(Material provided)

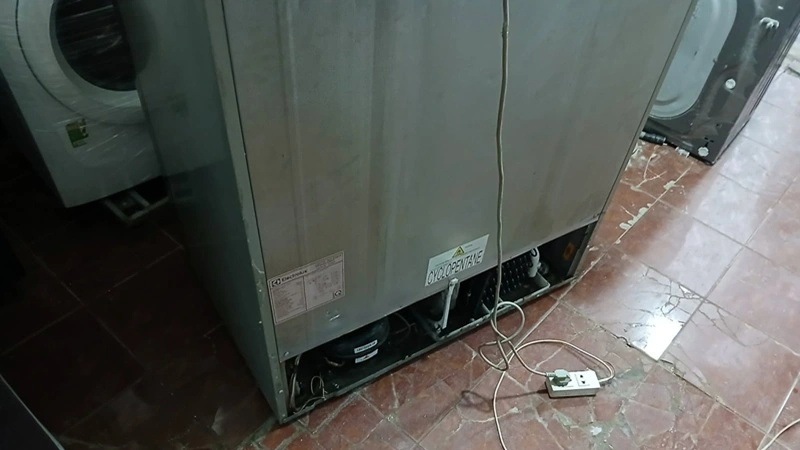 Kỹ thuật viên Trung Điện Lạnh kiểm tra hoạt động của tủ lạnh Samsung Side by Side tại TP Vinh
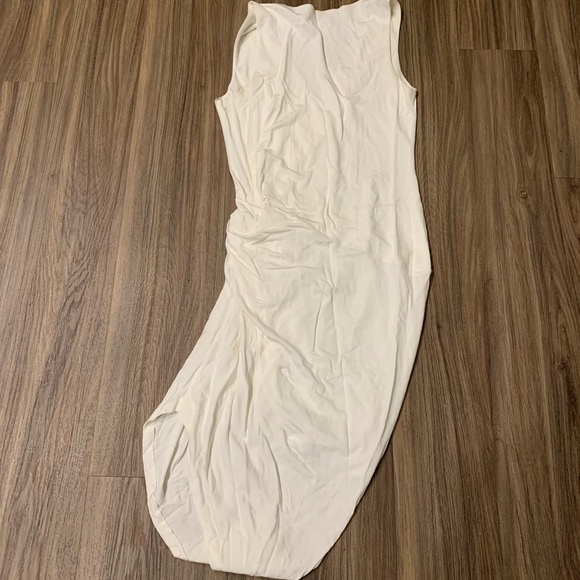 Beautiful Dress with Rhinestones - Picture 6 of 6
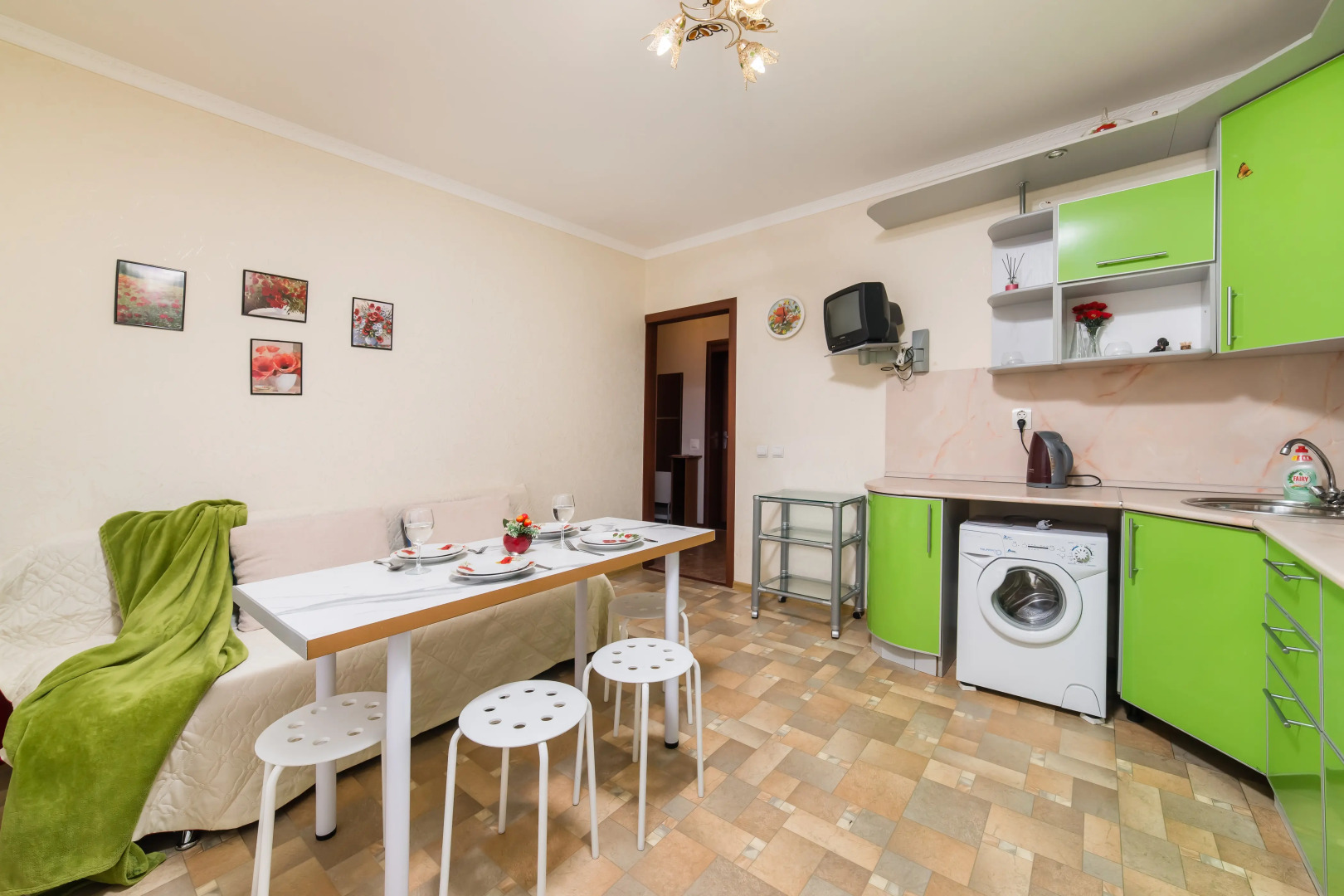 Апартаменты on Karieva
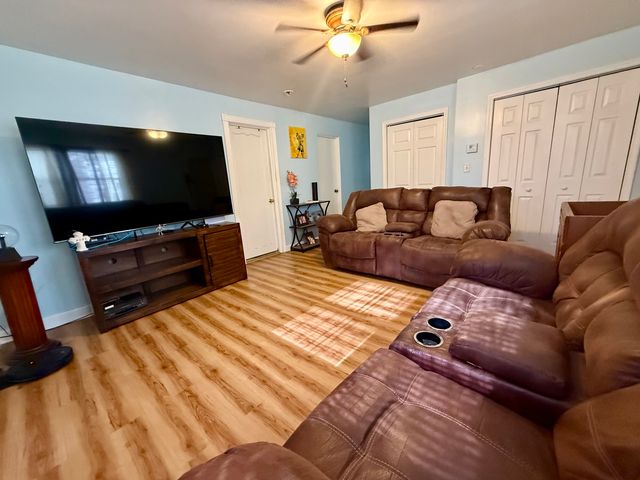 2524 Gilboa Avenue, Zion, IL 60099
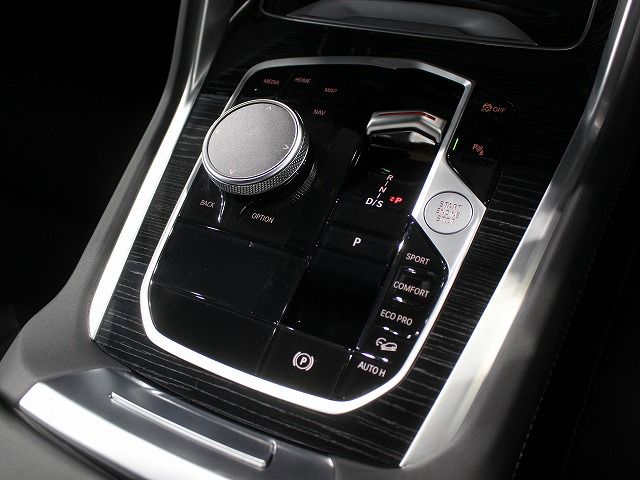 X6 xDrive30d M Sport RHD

(End Material provided)

Task: Output a faithful copy of the data, with each picture left out.

Answer to this problem:
 Kỹ thuật viên Trung Điện Lạnh kiểm tra hoạt động của tủ lạnh Samsung Side by Side tại TP Vinh
 Beautiful Dress with Rhinestones - Picture 6 of 6
 Апартаменты on Karieva
 2524 Gilboa Avenue, Zion, IL 60099
 X6 xDrive30d M Sport RHD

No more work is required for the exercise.